Process/Product Centers: What is it?
This a center that once the process is taught, it is Easy Breezy Lemon Squeezy. I had 2 poems my students do every morning during calendar time. The first poem was a month poem. The poems give specifics about the months or hints to what they will learning about. In November, it will talk about Pilgrims and Native Americans. In February, it will talk about the presidents. In March, it would talk about solid, liquid and gas. It just depends on the standards for that month. We start with an echo and 1-to-1 voice-to-print match.
As the month goes on, they can read chorally and it doesn’t take long at all. There are usually picture supports. Up until I got a smart board, I had the poems on a chart. Now, they are in my calendar smart board lesson.
Process/Product Centers: Poem of the Week
Week 1 – Shared Reading
The other poem my students do daily is the Shared Reading Poem of the Week.
The poems range from nursery rhymes to poems made up specifically for our state standards.
These poems are typically 4 lines of text, however, some have 5.
Sometimes the poems have songs…but not always.

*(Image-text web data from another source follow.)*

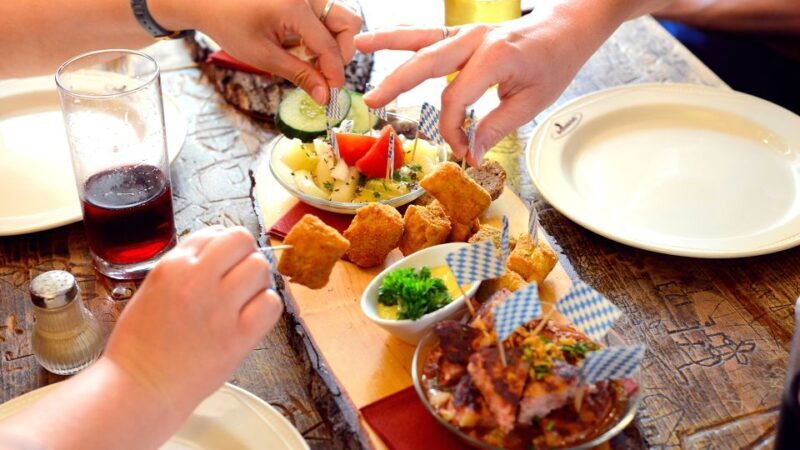 Heidelberg: Culinary city tour with delicious samples - A Closer Look at the Heidelberg Culinary Tour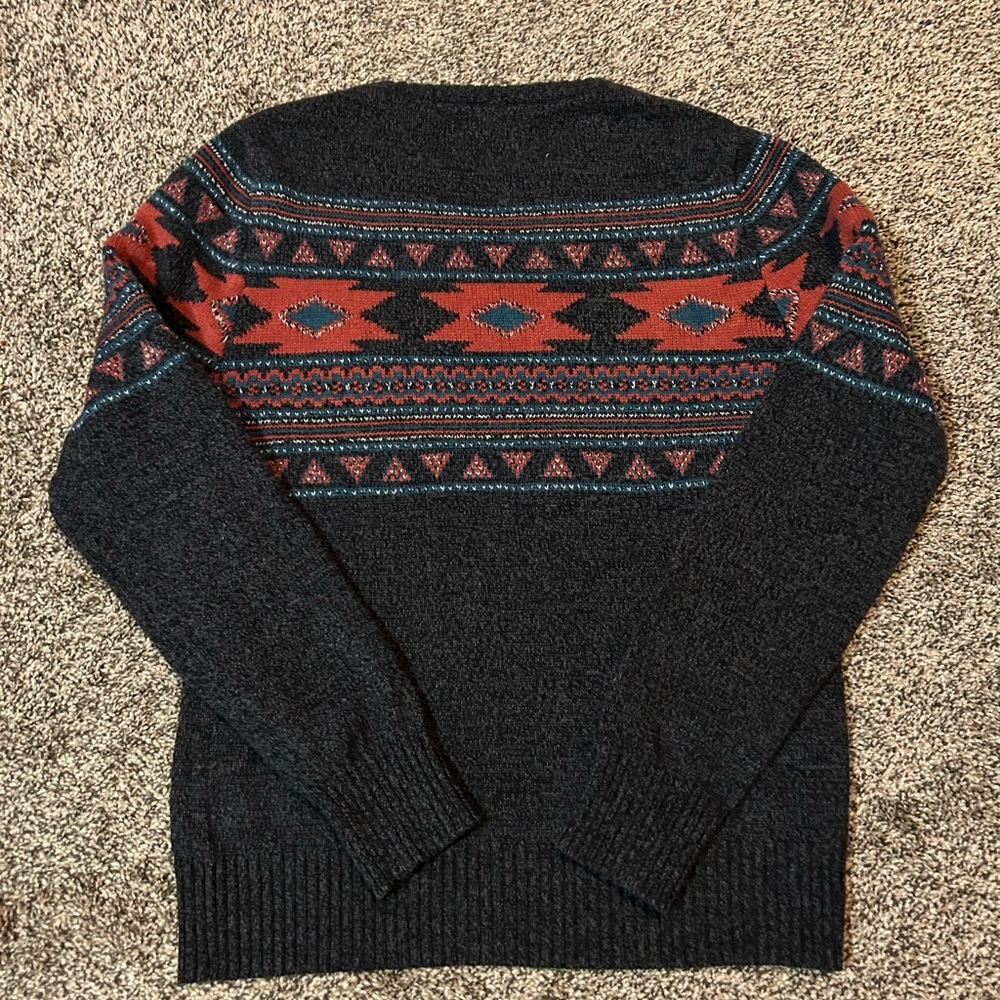 Urban Pipeline Black and Red Crewneck Sweater with Nordic Pattern - Picture 4 of 4
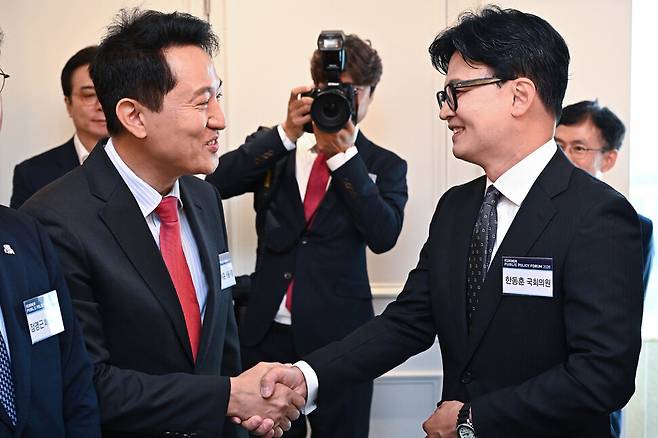 오세훈 서울시장과 한동훈 무소속 의원이 지난 16일 2026 국민공공정책포럼에 참석해 인사하고 있다. 국민일보 제공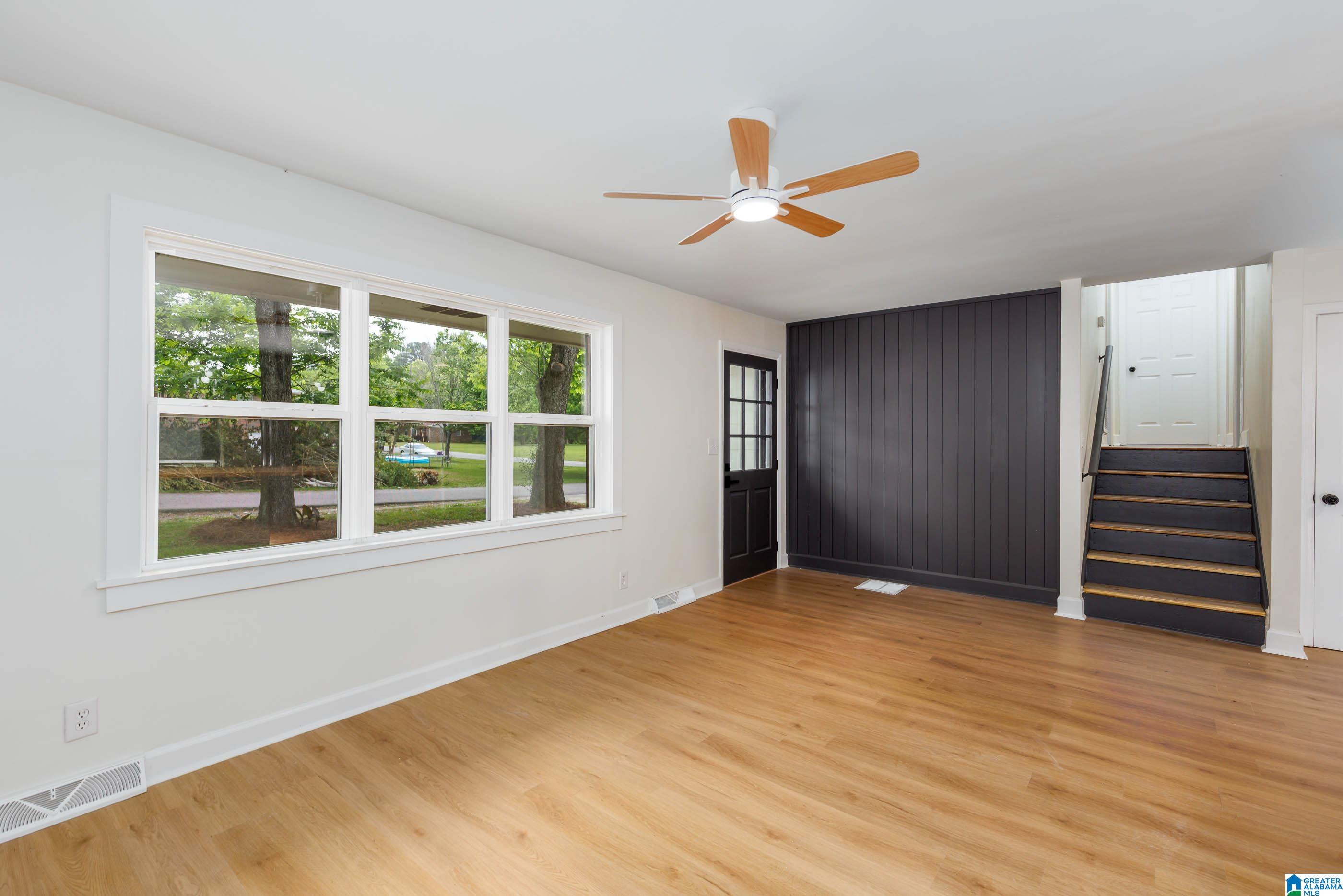 524 LYNN CIRCLE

Some of the 5 line poems are to the tune of “I’m a Little Teapot” (I’m a Little Scarecrow, I’m a Little Snowman, I’m a Little Leprechaun, and I’m a Little Sunflower). These poems are read each day of the introduction week. We echo and choral read. We also use the poems to discuss sight words and word family words. Sometimes we can discuss characters, settings, and events all in 4 lines of text.
Week 2 – Poetry Center/Art Center/and Homework
The following week (Week 2) the poems are reviewed in the poetry center. The poetry center has a large class size poem and highlighter tape. Each child has a poetry folder that includes the poems for the 9 weeks. This means the teacher prep for this center is as easy as copying 9 poems at the beginning of the 9 weeks, putting them in a folder, and creating the routine.

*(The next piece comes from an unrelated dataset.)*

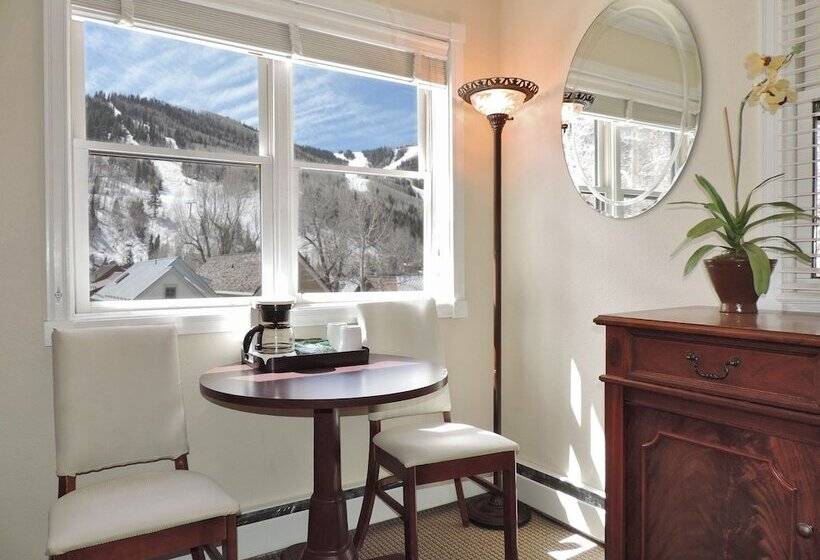 هتل The Victorian Inn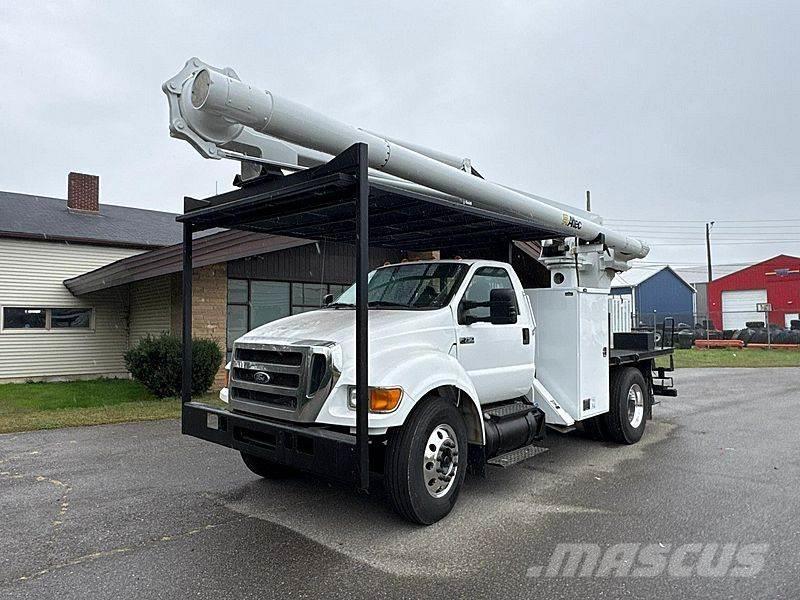 Ford F-750 Avtokošare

The students at the center take turns putting highlighter tape on the poems to highlight the word wall words. After all the tape is used, they find the poem in their poetry folder. Students circle the word wall words on their poem and color the words with a yellow crayon or a yellow highlighter. Once all the word wall words are colored, they need to add a detailed illustration of the poem. (We have previously decided WHAT a detailed illustration includes.) They are required to read the poem to a friend before they are finished.
Week 2 – Art Center
When this poem is in the ART CENTER, students create a “work of art” to illustrate the poem.
A small copy of the poem is ALWAYS glued to the art work.
Students are required to read the poem to a friend and then to the teacher, teacher assistant, or parent volunteer.
In addition, the poem is sent home for homework during Week 2, as well.
It’s a perfect time to send it home, they have been exposed to the poem for a week, so the parents shouldn’t be “teaching” the poem. They have a list of choices for that poem.
Week 3 – Pocket Chart Center
The same poem will be in the POCKET CHART CENTER next week (Week 3). This center allows for small group mix-fix or an individual mix/fix. Students can order the lines of the poem, glue coordinating strips of the poem on a paper, then illustrate the poem. Once again, the poems are read to a friend and then read to the teacher/teacher assistant/or parent volunteer.
At the Mid-Term and Beyond
At the mid-term, poetry folders include the poems in a cloze style. Students use the highlighter tape, then write the word wall words in the poem before they circle and color them.
They continue to illustrate and read the poem.
They use the poetry folder for independent reading, vocabulary for writing, or reading comprehension.
Students are allowed to use their poetry folders for Read to Self and Read to Someone.
This is without a doubt a Process/Product Center. You teach the process and change the product, but the students know exactly what to do. There is no mystery, so they can be independent with this center quickly.